**What you should do**
Scan the listing for the word "Photo", and copy out each line where it is found.

**Task inputs**
#####

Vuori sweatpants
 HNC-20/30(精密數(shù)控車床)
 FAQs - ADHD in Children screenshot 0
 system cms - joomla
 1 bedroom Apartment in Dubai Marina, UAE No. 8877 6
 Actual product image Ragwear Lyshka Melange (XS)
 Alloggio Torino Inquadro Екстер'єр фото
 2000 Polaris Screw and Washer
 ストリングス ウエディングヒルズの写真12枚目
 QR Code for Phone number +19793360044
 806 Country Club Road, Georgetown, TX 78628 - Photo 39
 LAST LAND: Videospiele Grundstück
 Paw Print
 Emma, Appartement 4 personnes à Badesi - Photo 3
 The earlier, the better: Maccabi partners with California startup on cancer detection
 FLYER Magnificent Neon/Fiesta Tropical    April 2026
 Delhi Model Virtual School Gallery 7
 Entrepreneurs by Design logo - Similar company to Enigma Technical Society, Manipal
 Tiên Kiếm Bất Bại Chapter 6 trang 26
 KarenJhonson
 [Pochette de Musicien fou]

#####

**Output below**
 806 Country Club Road, Georgetown, TX 78628 - Photo 39
 Emma, Appartement 4 personnes à Badesi - Photo 3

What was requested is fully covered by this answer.